If the US believes that its role in the Middle East suffers from certain mistakes and problems, then the reaction should not be to withdraw but to reconsider, develop, correct and improve it. This will ensure a greater level of influence for the US, and stronger relationships with its allies in the region.

Granted, it is optimistic, but I argue that the so-called decline of American involvement in the region is not entirely accurate. Allies accustomed to America having a greater and more direct role see a “decline” as opposed to a renewal of strategy and reshaping of its approach to the region. That the decline is imagined does not render it any less real. What is imagined in politics plays the same role as what is real — and may even exceed it in some cases.

Middle East allies have become increasingly concerned that the great power that has always stood by them is leaving them alone in a region that has become more polarized, chaotic and dangerous than it was before American intervention. This is prompting regional leaders to act more independently as they reevaluate their alliances.

To reduce dependence on the US, they are already building bridges with other nations and partners, including Russia and China. Russian President Vladimir Putin has made two successful visits to Saudi Arabia and the UAE, where many bilateral agreements were signed. Both nations have notably stayed neutral regarding Russia’s war against Ukraine. Syria, meanwhile, recently joined its neighbors as a member of China’s Belt and Road Initiative of trade routes and agreements involving 148 countries in every continent across the globe.

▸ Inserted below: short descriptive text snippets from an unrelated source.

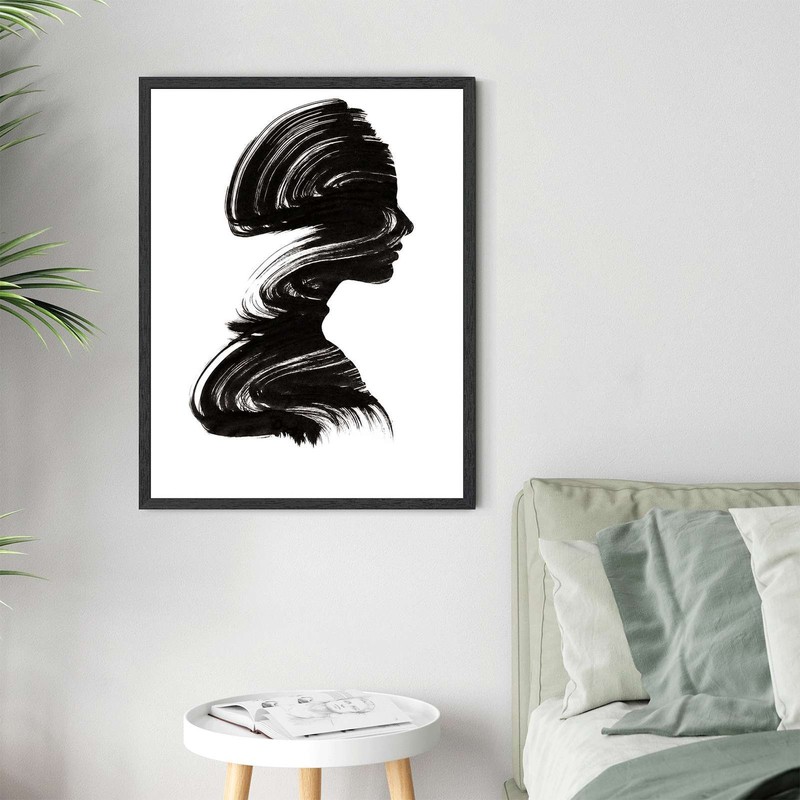 Abstract Female Silhouette Wall Art Canvas Oil Paintings Reproduction gallery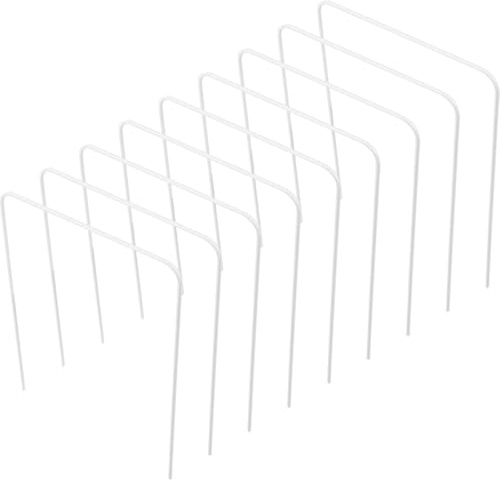 Milisten 9 Pack Heavy-Duty Croquet Wickets Replacement Set: 8.07 x 5.51 Metal Croquet Hoops - Weather-Resistant Wire Wickets for Outdoor Backyard Lawn Games & Family Gatherings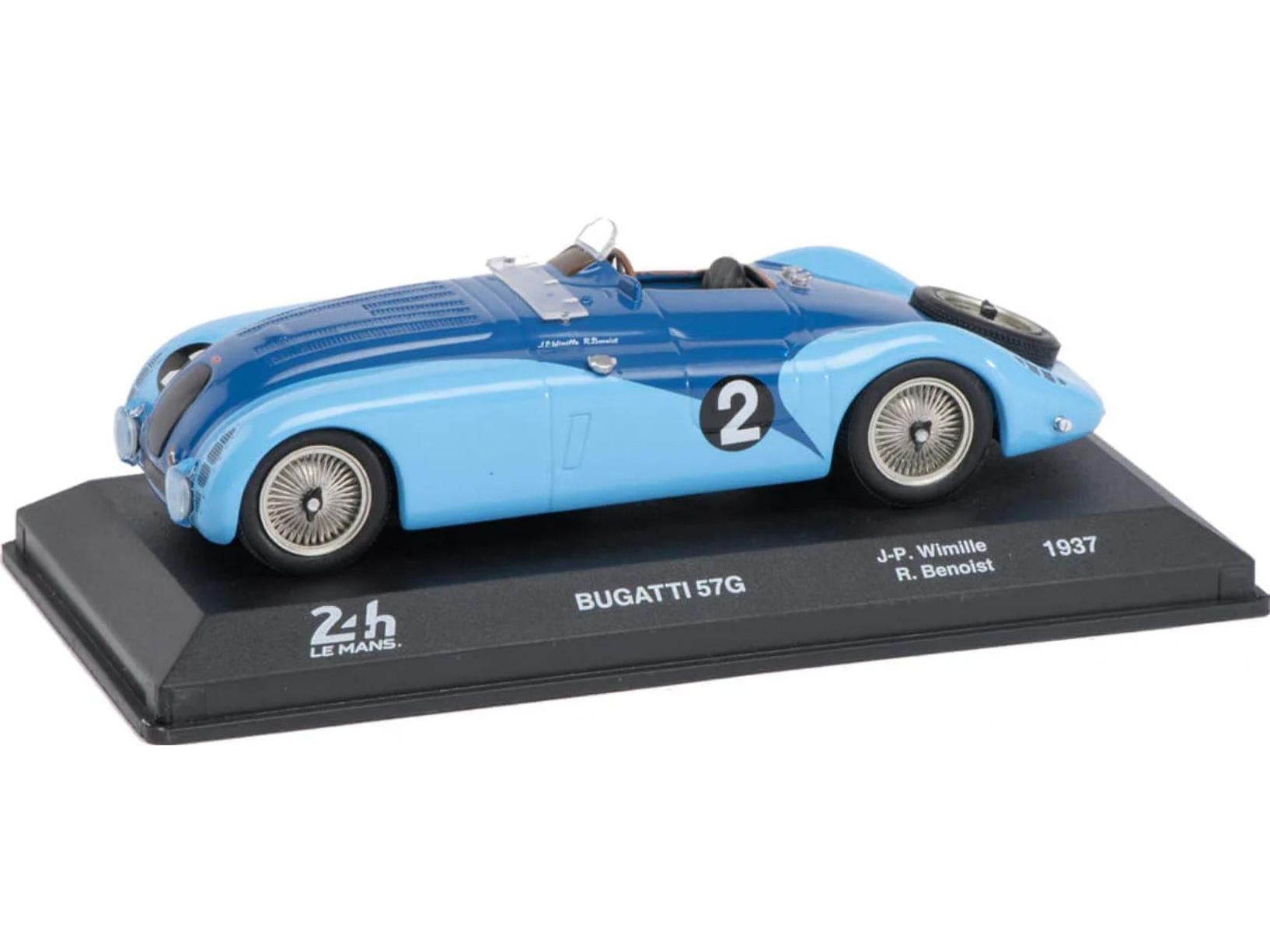 Bugatti 57G #2 Winner Le Mans 24H 1937 Benoist/Wimille 1:43 Scale Diecast Model Car (Cracked Case)-Unbranded-Diecast Model Centre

Any changes made by these Gulf leaders are justified, even expected and inevitable. Particularly since many powers, including the Chinese tiger and Russian bear, have a lot to offer, and do not hesitate to demonstrate their willingness to fully engage in the region’s issues, working together to limit their negative effects and perhaps find final solutions.

Many argue that a strong America is needed now more than ever. Others argue that it needs to downsize its expectations for what it can do abroad while strengthening its domestic and democratic foundations. All agree, however, that its repeated mistakes have been – and will continue to be, unless corrected – free gifts to China, Russia and Iran.

Look east, America. The Chinese tiger, Russian bear and Iranian lion are escaping their cages and may devour you. Or you may just do it yourself if the Republican and Democratic parties do not return their focus to what’s in the best interests of America and the world rather than the best interests of their own party and the next election.